Data to process –
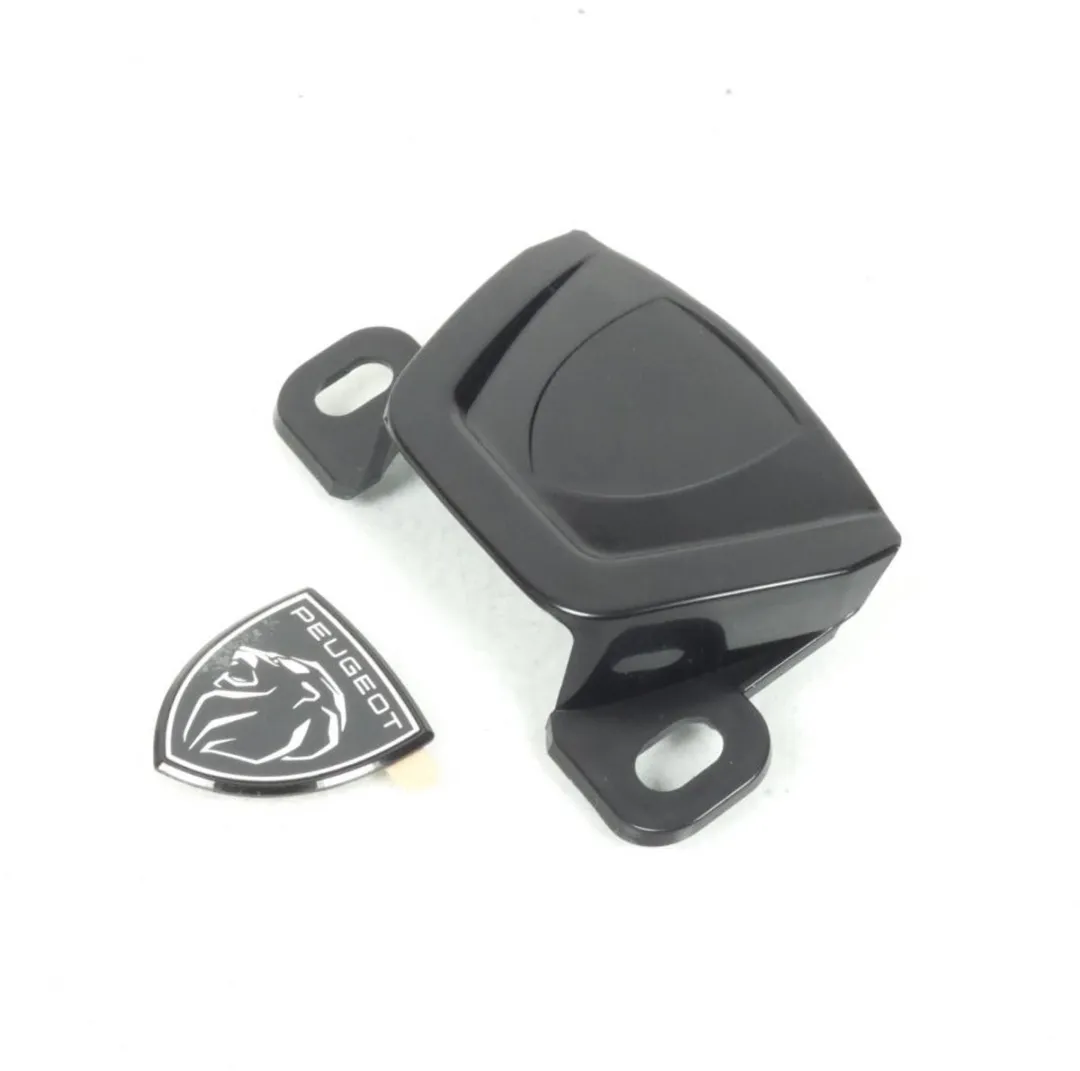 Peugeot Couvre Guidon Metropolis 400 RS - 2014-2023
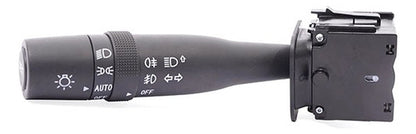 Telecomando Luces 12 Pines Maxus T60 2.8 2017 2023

==

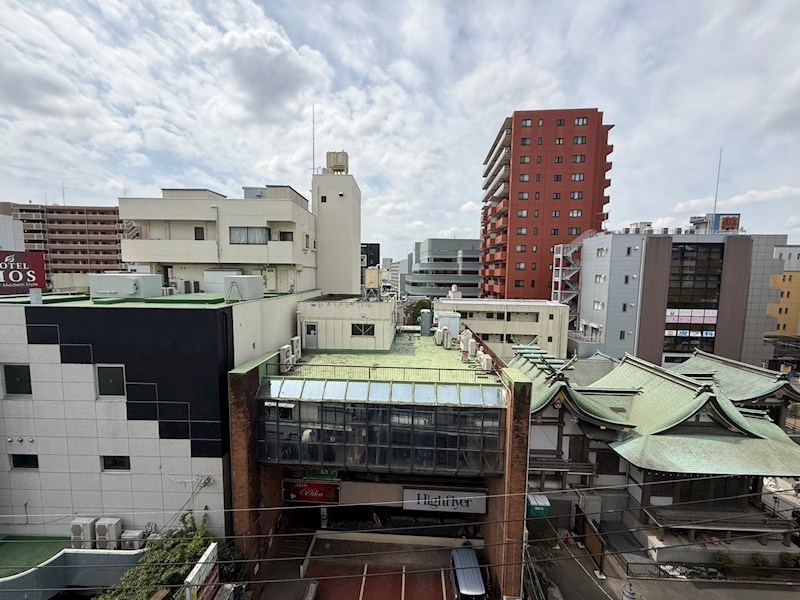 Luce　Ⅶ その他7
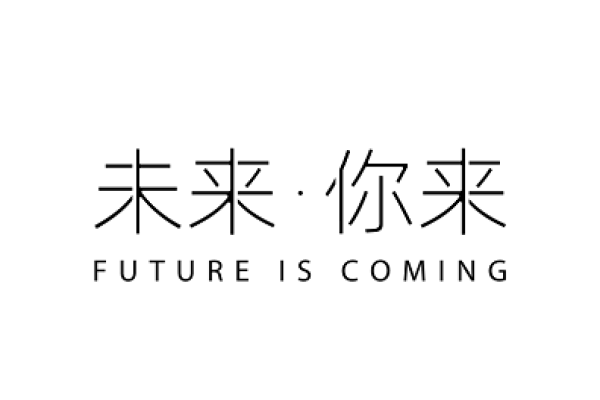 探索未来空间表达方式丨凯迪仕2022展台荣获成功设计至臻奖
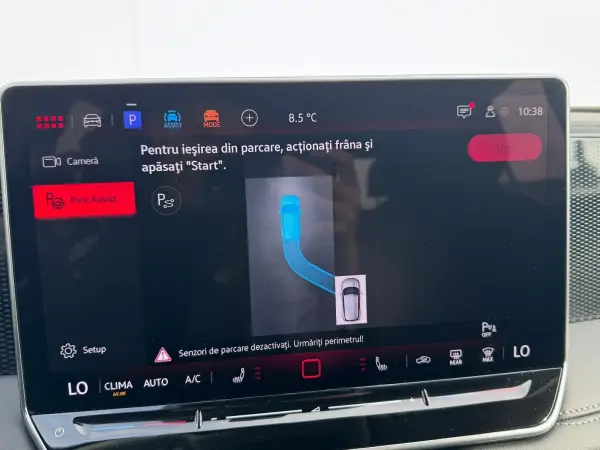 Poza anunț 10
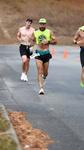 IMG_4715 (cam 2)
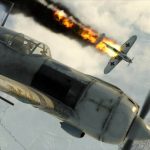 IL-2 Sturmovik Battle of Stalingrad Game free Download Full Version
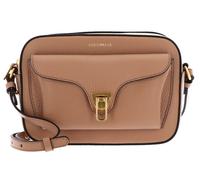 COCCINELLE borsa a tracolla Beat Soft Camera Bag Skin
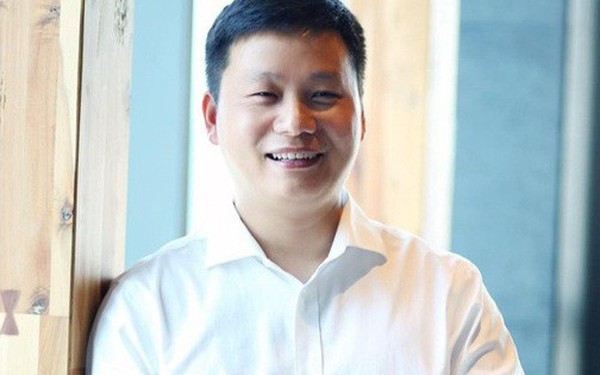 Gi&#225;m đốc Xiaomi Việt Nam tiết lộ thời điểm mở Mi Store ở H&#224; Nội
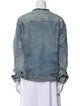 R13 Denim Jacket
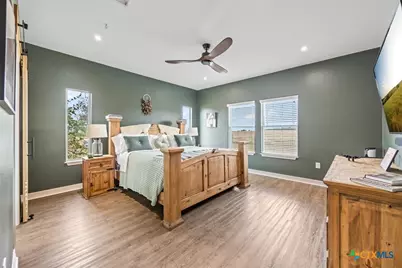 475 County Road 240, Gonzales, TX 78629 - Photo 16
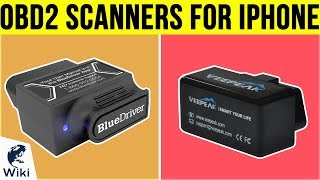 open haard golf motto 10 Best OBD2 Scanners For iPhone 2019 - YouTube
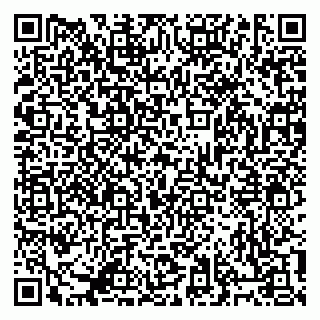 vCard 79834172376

---

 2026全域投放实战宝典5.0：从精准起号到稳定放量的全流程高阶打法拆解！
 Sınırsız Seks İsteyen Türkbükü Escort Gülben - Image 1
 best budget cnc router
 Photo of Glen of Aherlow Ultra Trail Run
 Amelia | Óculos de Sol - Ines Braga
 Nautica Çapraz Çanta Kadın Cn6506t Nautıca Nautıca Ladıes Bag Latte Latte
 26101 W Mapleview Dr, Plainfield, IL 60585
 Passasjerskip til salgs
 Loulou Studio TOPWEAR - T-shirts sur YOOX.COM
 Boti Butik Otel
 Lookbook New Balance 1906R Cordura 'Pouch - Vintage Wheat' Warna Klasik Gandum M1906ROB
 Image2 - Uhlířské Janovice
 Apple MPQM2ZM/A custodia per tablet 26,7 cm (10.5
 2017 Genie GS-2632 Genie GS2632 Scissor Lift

Your assignment – Above are the lines; repeat exactly the ones from the line containing "Nautica Çapraz Çanta" down to the line containing "2017 Genie GS-2632 Genie GS2632 Scissor Lift", both inclusive.

Result of the exercise –
 Nautica Çapraz Çanta Kadın Cn6506t Nautıca Nautıca Ladıes Bag Latte Latte
 26101 W Mapleview Dr, Plainfield, IL 60585
 Passasjerskip til salgs
 Loulou Studio TOPWEAR - T-shirts sur YOOX.COM
 Boti Butik Otel
 Lookbook New Balance 1906R Cordura 'Pouch - Vintage Wheat' Warna Klasik Gandum M1906ROB
 Image2 - Uhlířské Janovice
 Apple MPQM2ZM/A custodia per tablet 26,7 cm (10.5
 2017 Genie GS-2632 Genie GS2632 Scissor Lift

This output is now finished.